Parasitism by Dodder. (A) Tobacco infected with dodder. (B) Dodder strand showing embedded haustoria (white arrowheads) and prehaustoria (black arrowhead). (C) Longitudinal section of a dodder strand with vascular tissue (V) and initiating haustoria (black arrows). (D) Longitudinal section of a dodder strand in high magnification showing developing haustoria. (E) Dodder haustoria emerging from the stem epidermis; the asterisk marks file cells, and the arrowhead marks digitate cells in the prehaustorium. (F) Transverse section of a tobacco stem with an attached dodder strand. Mature haustoria (H) of dodder (marked with a yellow line) are embedded in the tobacco stem (demarcated with a green line) and Xylic searching hyphae (arrow) have contacted the host xylem (Xy), while Phloic hyphae (asterisks) contact the host phloem (Ph). (G) Transverse section of a tobacco stem (to) with attached dodder parasite (p) stained with Aniline Blue. Mature haustorium shows a central column of Xylic hyphae (arrows) that have contacted the host xylem, and peripheral to that, Phloic hyphae (marked with asterisks) that contact the host phloem. in, host-parasite interface. (H) Transverse section of a tobacco stem with attached dodder parasite showing a haustorium sending out numerous searching hyphae (arrows) toward the host vascular tissue. Bars = 100 µm.

Figure 2.

Expression of STM during Haustorial Development. (A) qRT-PCR showing expression of STM in dodder apex and stem strands with haustoria (a, apex; h, haustorium; p, prehaustorium; sh, strand haustorium; sph, strand prehaustorium). Error bars represent sd from the mean. (B) Dodder stem showing STM expression in vascular and adjacent tissue. (C) Sense control. (D) and (E) Prehaustorium antisense and sense. Prior to emergence from stem where (D) is showing expression in digitate cells and file cells compared with sense control (E). (F) and (G) Developing haustoria. STM expression is seen in developing vascular strand (F) compared with sense control (G). Bars = 100 µm.

Figure 3.

STM Downregulation in Dodder. (A) qRT-PCR showing reduced dodder STM expression in both attached and independent RNAi transgenic lines SUC2-3 and SUC2-7. (B) Distribution of the reads across the STM gene fragment in the region targeted for RNAi and reads outside the targeted region. Raw read counts are shown here to visualize the distribution.

Figure 4.

Coverage of Small RNA Reads across the Hairpin Construct in Dodder.

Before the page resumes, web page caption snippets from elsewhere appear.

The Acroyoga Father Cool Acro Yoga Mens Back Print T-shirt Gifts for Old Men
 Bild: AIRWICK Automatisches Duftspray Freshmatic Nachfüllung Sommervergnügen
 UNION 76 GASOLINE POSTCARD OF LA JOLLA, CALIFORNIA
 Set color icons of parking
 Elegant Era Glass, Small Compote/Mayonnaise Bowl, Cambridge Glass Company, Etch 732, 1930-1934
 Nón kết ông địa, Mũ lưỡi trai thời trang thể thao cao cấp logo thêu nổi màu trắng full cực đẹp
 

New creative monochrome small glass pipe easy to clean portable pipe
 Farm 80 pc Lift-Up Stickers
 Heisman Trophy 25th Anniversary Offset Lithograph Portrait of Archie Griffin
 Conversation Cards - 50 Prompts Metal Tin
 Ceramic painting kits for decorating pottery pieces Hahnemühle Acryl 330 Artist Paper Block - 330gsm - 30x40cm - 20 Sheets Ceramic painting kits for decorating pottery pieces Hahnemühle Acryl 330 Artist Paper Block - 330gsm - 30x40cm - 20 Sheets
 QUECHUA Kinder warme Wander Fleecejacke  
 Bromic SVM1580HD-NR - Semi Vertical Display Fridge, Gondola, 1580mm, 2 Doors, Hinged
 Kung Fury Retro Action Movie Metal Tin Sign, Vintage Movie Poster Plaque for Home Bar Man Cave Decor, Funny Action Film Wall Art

The read counts (peaks) have been overlayed on top of a graphic of the hairpin construct that has the SUC2 promoter and STM and Knat1-3b in forward and reverse orientation surrounding a maize waxy intron and the Nos terminator. The inset shows the starting, ending, and size of the various regions in the construct. Note that some reads are detected in the polylinker region as well as the intron.

Figure 5.

Dodder Grown on Transgenic Hosts Exhibits Reduced Vigor. (A) Dodder grows vigorously on wild-type tobacco compared with SUC2 RNAi transgenic host. WT, wild type. (B) Premature transition to flowering is seen in the dodder growing on transgenics. [See online article for color version of this figure.]

Figure 6.

Normalized Read Counts of Small RNA Molecules. Reads mapping to the microRNAs that regulate flowering, at-miR172c and d, and phase change, at-miR159a. WT, wild type.

Figure 7.

RNAi of STM Alters Haustorial Growth in Dodder. Searching hyphae (colored light green) development on untransformed (A) and transgenic tobacco ([B] and [C]). The host is demarcated with a green line and the parasite with a yellow line. Host xylem is labeled Xy, and H is haustoria. Bars = 100 µm.